# Statistical analysis of the longitudinal velocity profile of a turbulent jet

In this Jupyter Notebook, we shall analyze hot wire measurements of the velocity of a turbulent jet made in a wind tunnel at ENS de Lyon, by Christophe Baudet and Antoine Naert. A Jupyter notebook can contain the data analysis code (here written in Python), the figures and comments (using the [Markdown](https://daringfireball.net/projects/markdown/syntax) syntax). It can be version-controlled using `git`.

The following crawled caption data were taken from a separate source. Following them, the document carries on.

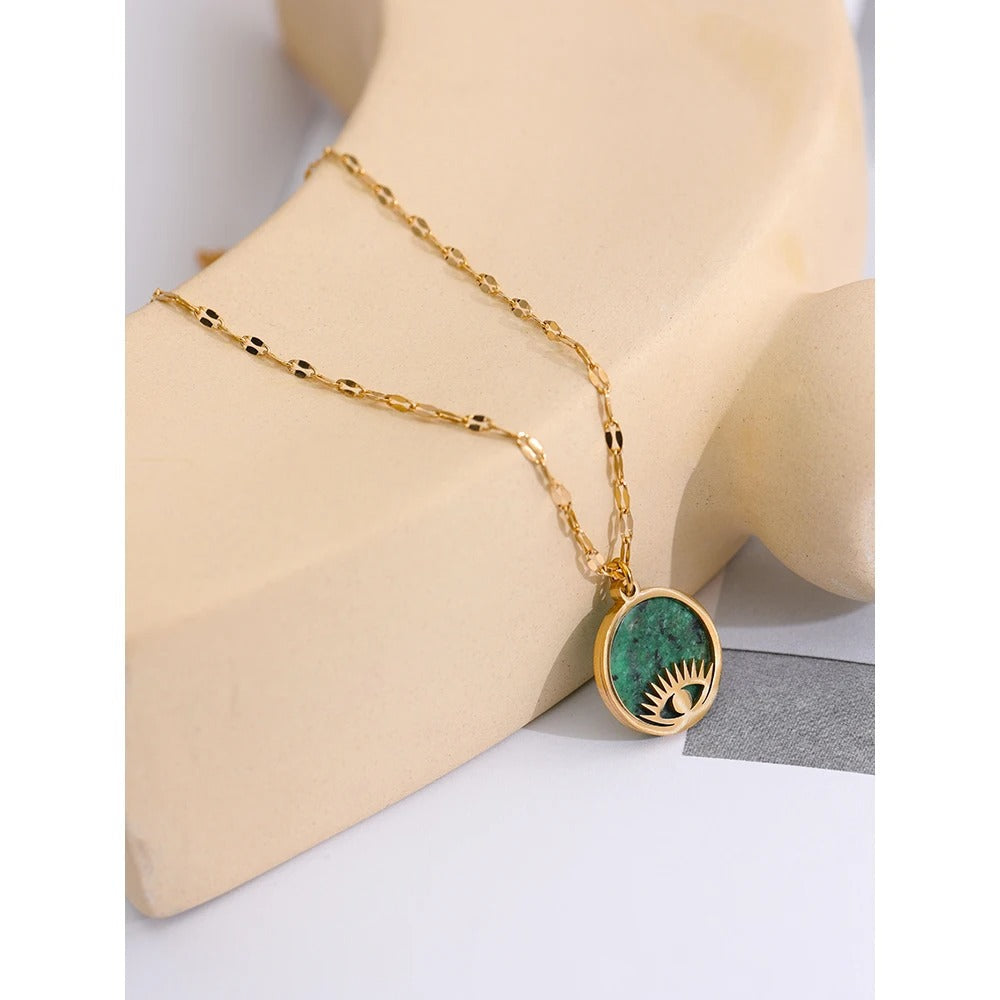 Green Eye Necklace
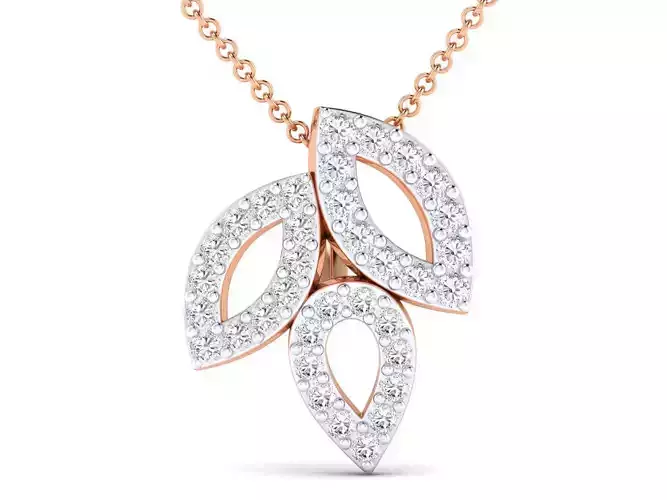 Women pendant 3dm stl render detail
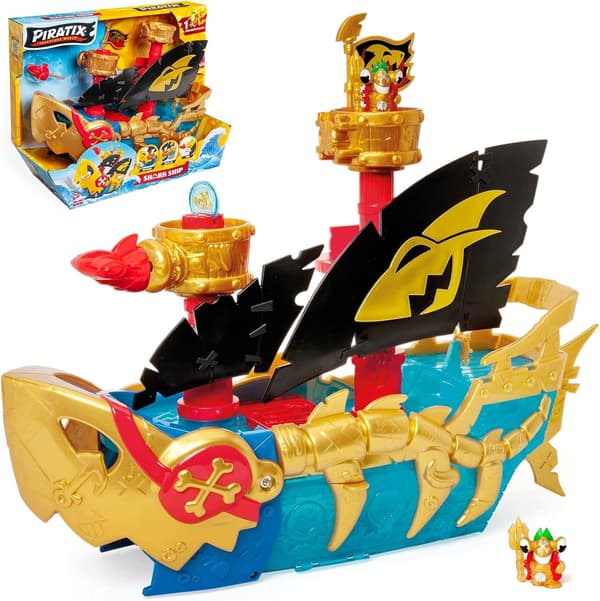 MagicBox – PIRATIX Shark Ship – Shark Ship – set with a figure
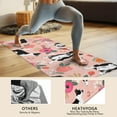 thumbnail image 4 of Boston Terrier Dog and Flower Florals Hot Yoga Mat Towel Non Slip for Hot Yoga - Quick-Drying Yoga Mat Cover with 4 Corner Pockets with Travel Bag - Hot Yoga Towel Non Slip 70"x26", 4 of 6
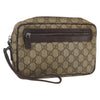 Gucci Wristlet Clutch GG Coated Canvas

First, we import the modules we will need:
- `numpy` defines the array data structure and many tools to work with arrays. We shall use in particular the `numpy.statistics` submodule.
- `matplotlib` is the core module for making plots with Python. The best way to use `matplotlib` is to use the object-oriented API; for our need the central object is the [`matplotlib.pyplot.axes` object](https://matplotlib.org/api/_as_gen/matplotlib.pyplot.axes.html#matplotlib.pyplot.axes). There is also an imperative style API which should look familiar to Matlab users.
- `scipy` (optional) contains more advanced tools for scientific computing. We are only importing the submodule dedicated to signal processing.

In [None]:
import numpy as np
import matplotlib.pyplot as plt
%matplotlib inline
import scipy.signal

You can find help with Python or the different libraries here:
- https://docs.python.org/3/
- https://docs.scipy.org/doc/numpy/reference/index.html
- https://matplotlib.org/api/pyplot_summary.html
- https://docs.scipy.org/doc/scipy/reference/signal.html

## Preamble: reading the data

Let us first get the data; since it is not too big we can afford keeping everything in memory.
We use a single file (using the HDF5 file format) containing 100 independent measurements of velocity $u(t)$ (in $m.s^{-1}$) at 2^20 instants, with a frequency of 23 kHz. The file also contains the sampling times and useful metadata, such as the sampling frequency and the viscosity of air. We read all this information from the file and store it in several variables in RAM.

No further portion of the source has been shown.